Cape Lookout National Seashore, North Carolina
Those looking for more consistent temperatures than those found in the desert should head to the Cape Lookout National Seashore for an April or May camping trip. Average daytime temperatures on Cape Lookout during this time of the year are in the mid-60s to mid-70s, which are ideal for beach lounging but may be a bit chilly for swimming. At night the temperature will be about 8 degrees cooler.
Although you may not want to spend a lot of time swimming during your springtime camping trip to this location, there are still lots of other things to do. Wildlife viewing is a popular activity here, where hundreds of bird species can be found. Cape Lookout, which is an island, is also home to a population of wild horses, which should be viewed from a safe distance. Finding the horses is sometimes easy, but at other times involves hiking the miles of trails that take visitors from one end of this barrier island to the other. Fishing and hunting, boating, kayaking, and beach driving are also fun activities that those who come to Cape Lookout can enjoy.

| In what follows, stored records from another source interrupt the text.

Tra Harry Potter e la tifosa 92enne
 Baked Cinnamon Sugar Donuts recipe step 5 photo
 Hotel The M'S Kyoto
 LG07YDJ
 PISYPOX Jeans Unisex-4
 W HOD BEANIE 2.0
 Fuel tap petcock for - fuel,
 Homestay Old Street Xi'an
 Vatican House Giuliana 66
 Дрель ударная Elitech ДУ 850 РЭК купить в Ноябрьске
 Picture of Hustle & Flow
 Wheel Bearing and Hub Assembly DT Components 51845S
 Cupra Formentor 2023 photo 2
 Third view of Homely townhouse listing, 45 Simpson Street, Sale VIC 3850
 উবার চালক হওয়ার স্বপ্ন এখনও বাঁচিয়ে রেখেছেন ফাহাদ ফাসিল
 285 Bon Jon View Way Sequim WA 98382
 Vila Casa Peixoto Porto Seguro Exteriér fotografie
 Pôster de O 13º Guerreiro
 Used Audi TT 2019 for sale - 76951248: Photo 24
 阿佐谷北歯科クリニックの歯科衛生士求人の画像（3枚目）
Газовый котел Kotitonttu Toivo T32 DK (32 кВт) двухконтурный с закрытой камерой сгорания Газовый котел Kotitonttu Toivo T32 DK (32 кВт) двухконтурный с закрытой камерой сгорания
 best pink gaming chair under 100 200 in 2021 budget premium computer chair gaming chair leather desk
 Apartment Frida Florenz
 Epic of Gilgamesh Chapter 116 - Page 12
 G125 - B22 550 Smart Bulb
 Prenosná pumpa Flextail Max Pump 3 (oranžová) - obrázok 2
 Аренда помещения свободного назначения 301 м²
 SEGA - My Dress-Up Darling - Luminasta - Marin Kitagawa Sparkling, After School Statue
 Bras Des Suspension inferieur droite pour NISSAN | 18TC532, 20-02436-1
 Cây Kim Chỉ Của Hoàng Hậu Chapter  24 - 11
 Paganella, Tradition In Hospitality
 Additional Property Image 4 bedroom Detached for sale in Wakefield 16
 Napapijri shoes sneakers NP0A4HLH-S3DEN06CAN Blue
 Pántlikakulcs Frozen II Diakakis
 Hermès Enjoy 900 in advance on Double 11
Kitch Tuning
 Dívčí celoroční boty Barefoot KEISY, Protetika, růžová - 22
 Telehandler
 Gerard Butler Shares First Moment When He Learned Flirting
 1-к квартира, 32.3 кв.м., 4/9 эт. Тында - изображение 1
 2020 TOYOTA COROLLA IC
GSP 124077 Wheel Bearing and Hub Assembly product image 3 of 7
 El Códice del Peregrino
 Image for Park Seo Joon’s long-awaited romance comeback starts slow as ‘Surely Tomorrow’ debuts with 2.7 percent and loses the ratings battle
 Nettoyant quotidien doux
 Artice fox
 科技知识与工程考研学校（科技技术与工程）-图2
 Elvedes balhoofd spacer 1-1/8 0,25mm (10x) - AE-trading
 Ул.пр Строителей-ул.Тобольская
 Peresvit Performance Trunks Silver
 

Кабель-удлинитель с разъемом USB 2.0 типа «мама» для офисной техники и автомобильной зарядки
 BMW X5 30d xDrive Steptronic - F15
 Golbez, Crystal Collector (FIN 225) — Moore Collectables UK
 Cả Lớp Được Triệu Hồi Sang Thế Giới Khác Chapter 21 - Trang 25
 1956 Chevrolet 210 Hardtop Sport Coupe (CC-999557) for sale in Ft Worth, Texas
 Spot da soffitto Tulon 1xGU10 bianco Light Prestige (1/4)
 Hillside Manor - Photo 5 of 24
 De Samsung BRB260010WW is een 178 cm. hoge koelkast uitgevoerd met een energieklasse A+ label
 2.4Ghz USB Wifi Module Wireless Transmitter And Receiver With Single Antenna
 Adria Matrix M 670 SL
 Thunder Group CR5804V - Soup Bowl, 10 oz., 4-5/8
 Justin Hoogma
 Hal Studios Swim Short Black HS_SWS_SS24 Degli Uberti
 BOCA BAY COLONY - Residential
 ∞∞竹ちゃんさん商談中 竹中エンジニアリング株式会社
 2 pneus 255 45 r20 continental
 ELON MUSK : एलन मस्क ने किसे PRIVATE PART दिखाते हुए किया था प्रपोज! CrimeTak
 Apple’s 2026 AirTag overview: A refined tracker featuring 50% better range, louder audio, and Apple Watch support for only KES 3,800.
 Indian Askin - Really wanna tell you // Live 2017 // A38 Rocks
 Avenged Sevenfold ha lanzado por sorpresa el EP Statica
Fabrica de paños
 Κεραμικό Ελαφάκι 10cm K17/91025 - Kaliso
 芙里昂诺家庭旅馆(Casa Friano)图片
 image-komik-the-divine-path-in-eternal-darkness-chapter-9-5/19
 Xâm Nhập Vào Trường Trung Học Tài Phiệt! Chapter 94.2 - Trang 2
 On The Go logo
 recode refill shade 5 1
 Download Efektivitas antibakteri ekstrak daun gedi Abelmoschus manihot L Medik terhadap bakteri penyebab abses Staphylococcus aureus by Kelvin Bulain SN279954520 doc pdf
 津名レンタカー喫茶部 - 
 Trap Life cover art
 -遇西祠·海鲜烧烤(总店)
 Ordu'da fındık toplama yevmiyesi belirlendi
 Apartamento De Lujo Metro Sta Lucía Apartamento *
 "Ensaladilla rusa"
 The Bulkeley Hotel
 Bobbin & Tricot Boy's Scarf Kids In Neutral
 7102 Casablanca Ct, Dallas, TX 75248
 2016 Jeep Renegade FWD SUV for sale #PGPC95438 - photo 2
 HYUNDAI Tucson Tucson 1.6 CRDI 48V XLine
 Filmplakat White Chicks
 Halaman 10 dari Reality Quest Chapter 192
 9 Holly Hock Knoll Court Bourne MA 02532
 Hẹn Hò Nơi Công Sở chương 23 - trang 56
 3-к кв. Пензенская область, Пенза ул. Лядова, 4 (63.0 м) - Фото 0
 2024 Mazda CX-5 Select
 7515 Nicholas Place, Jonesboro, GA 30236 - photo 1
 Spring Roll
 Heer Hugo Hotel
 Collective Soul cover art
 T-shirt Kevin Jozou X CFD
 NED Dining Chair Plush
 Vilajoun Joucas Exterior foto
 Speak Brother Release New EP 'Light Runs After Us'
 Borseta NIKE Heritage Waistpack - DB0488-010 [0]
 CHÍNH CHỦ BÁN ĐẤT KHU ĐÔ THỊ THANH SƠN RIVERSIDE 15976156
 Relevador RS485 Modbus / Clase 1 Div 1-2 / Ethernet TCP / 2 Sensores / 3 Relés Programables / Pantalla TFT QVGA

Getting to Cape Lookout can only be done via the local ferry, which can accommodate vehicles for those who want to bring them. This means that you must be sure to thoroughly prepare for a trip out here. All camping on Cape Lookout is primitive and located on the beach, so you are responsible for all bringing all the water, food, and toilet paper that you will need. Permits are not required for groups of under 25 people, and stays are limited to 14 days.